TASK TO COMPLETE: Copy the entries that follow, exactly and completely.

RECORDS:
..........

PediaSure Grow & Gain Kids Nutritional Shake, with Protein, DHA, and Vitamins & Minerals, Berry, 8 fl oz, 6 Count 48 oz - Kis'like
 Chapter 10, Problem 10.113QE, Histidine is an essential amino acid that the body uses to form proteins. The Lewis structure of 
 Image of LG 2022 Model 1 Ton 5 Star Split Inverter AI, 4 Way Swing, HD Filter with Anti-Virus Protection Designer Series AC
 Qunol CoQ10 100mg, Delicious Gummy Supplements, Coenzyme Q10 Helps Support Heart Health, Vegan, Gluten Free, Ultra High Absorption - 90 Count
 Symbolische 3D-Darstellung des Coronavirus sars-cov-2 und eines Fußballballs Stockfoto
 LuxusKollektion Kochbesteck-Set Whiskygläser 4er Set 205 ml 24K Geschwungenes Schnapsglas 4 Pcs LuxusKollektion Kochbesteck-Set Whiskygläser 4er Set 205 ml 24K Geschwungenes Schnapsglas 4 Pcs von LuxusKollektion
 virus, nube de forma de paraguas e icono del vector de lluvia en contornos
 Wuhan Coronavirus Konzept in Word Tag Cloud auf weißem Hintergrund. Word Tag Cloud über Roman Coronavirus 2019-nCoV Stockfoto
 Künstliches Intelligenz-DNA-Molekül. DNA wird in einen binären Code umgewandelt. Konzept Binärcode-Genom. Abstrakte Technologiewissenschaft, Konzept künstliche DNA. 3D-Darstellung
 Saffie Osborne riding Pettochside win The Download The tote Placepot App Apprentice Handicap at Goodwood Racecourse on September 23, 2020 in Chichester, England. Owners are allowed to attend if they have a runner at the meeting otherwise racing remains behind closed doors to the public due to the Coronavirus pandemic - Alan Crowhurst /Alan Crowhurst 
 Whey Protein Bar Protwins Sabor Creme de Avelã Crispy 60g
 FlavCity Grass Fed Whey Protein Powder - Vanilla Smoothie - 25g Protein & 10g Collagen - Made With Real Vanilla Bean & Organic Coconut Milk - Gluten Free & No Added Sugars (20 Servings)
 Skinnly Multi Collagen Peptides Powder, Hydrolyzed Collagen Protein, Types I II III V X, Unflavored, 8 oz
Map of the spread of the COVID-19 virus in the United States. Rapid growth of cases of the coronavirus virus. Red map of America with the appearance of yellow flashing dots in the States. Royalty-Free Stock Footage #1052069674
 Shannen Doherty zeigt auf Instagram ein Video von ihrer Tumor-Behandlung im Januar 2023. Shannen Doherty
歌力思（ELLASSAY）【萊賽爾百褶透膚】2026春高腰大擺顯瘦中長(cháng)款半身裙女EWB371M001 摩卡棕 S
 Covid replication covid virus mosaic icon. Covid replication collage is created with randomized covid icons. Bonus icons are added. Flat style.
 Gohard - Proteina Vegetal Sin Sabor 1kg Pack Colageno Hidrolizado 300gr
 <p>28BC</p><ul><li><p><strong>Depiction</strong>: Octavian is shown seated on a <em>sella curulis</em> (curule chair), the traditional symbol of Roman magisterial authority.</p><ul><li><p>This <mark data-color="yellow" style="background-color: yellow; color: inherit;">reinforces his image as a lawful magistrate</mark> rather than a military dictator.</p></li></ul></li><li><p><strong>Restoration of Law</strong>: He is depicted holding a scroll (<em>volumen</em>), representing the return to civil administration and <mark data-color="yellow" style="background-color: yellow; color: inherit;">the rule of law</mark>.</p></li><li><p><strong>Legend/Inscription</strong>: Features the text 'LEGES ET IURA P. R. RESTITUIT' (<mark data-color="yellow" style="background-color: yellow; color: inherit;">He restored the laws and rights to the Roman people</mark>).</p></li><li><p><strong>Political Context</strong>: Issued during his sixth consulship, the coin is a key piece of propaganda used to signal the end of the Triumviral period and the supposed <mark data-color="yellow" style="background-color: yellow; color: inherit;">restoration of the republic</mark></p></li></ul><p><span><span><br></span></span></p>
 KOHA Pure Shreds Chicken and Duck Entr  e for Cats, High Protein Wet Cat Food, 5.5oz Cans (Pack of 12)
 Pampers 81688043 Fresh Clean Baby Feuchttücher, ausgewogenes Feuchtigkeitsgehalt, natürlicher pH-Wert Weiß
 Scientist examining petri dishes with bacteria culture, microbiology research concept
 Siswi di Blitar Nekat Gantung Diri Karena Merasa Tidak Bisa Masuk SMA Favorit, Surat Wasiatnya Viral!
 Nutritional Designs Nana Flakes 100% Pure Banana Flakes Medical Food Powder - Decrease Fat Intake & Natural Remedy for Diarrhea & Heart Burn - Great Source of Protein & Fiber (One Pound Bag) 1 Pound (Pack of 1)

..........

EXERCISE SOLUTION:
PediaSure Grow & Gain Kids Nutritional Shake, with Protein, DHA, and Vitamins & Minerals, Berry, 8 fl oz, 6 Count 48 oz - Kis'like
 Chapter 10, Problem 10.113QE, Histidine is an essential amino acid that the body uses to form proteins. The Lewis structure of 
 Image of LG 2022 Model 1 Ton 5 Star Split Inverter AI, 4 Way Swing, HD Filter with Anti-Virus Protection Designer Series AC
 Qunol CoQ10 100mg, Delicious Gummy Supplements, Coenzyme Q10 Helps Support Heart Health, Vegan, Gluten Free, Ultra High Absorption - 90 Count
 Symbolische 3D-Darstellung des Coronavirus sars-cov-2 und eines Fußballballs Stockfoto
 LuxusKollektion Kochbesteck-Set Whiskygläser 4er Set 205 ml 24K Geschwungenes Schnapsglas 4 Pcs LuxusKollektion Kochbesteck-Set Whiskygläser 4er Set 205 ml 24K Geschwungenes Schnapsglas 4 Pcs von LuxusKollektion
 virus, nube de forma de paraguas e icono del vector de lluvia en contornos
 Wuhan Coronavirus Konzept in Word Tag Cloud auf weißem Hintergrund. Word Tag Cloud über Roman Coronavirus 2019-nCoV Stockfoto
 Künstliches Intelligenz-DNA-Molekül. DNA wird in einen binären Code umgewandelt. Konzept Binärcode-Genom. Abstrakte Technologiewissenschaft, Konzept künstliche DNA. 3D-Darstellung
 Saffie Osborne riding Pettochside win The Download The tote Placepot App Apprentice Handicap at Goodwood Racecourse on September 23, 2020 in Chichester, England. Owners are allowed to attend if they have a runner at the meeting otherwise racing remains behind closed doors to the public due to the Coronavirus pandemic - Alan Crowhurst /Alan Crowhurst 
 Whey Protein Bar Protwins Sabor Creme de Avelã Crispy 60g
 FlavCity Grass Fed Whey Protein Powder - Vanilla Smoothie - 25g Protein & 10g Collagen - Made With Real Vanilla Bean & Organic Coconut Milk - Gluten Free & No Added Sugars (20 Servings)
 Skinnly Multi Collagen Peptides Powder, Hydrolyzed Collagen Protein, Types I II III V X, Unflavored, 8 oz
Map of the spread of the COVID-19 virus in the United States. Rapid growth of cases of the coronavirus virus. Red map of America with the appearance of yellow flashing dots in the States. Royalty-Free Stock Footage #1052069674
 Shannen Doherty zeigt auf Instagram ein Video von ihrer Tumor-Behandlung im Januar 2023. Shannen Doherty
歌力思（ELLASSAY）【萊賽爾百褶透膚】2026春高腰大擺顯瘦中長(cháng)款半身裙女EWB371M001 摩卡棕 S
 Covid replication covid virus mosaic icon. Covid replication collage is created with randomized covid icons. Bonus icons are added. Flat style.
 Gohard - Proteina Vegetal Sin Sabor 1kg Pack Colageno Hidrolizado 300gr
 <p>28BC</p><ul><li><p><strong>Depiction</strong>: Octavian is shown seated on a <em>sella curulis</em> (curule chair), the traditional symbol of Roman magisterial authority.</p><ul><li><p>This <mark data-color="yellow" style="background-color: yellow; color: inherit;">reinforces his image as a lawful magistrate</mark> rather than a military dictator.</p></li></ul></li><li><p><strong>Restoration of Law</strong>: He is depicted holding a scroll (<em>volumen</em>), representing the return to civil administration and <mark data-color="yellow" style="background-color: yellow; color: inherit;">the rule of law</mark>.</p></li><li><p><strong>Legend/Inscription</strong>: Features the text 'LEGES ET IURA P. R. RESTITUIT' (<mark data-color="yellow" style="background-color: yellow; color: inherit;">He restored the laws and rights to the Roman people</mark>).</p></li><li><p><strong>Political Context</strong>: Issued during his sixth consulship, the coin is a key piece of propaganda used to signal the end of the Triumviral period and the supposed <mark data-color="yellow" style="background-color: yellow; color: inherit;">restoration of the republic</mark></p></li></ul><p><span><span><br></span></span></p>
 KOHA Pure Shreds Chicken and Duck Entr  e for Cats, High Protein Wet Cat Food, 5.5oz Cans (Pack of 12)
 Pampers 81688043 Fresh Clean Baby Feuchttücher, ausgewogenes Feuchtigkeitsgehalt, natürlicher pH-Wert Weiß
 Scientist examining petri dishes with bacteria culture, microbiology research concept
 Siswi di Blitar Nekat Gantung Diri Karena Merasa Tidak Bisa Masuk SMA Favorit, Surat Wasiatnya Viral!
 Nutritional Designs Nana Flakes 100% Pure Banana Flakes Medical Food Powder - Decrease Fat Intake & Natural Remedy for Diarrhea & Heart Burn - Great Source of Protein & Fiber (One Pound Bag) 1 Pound (Pack of 1)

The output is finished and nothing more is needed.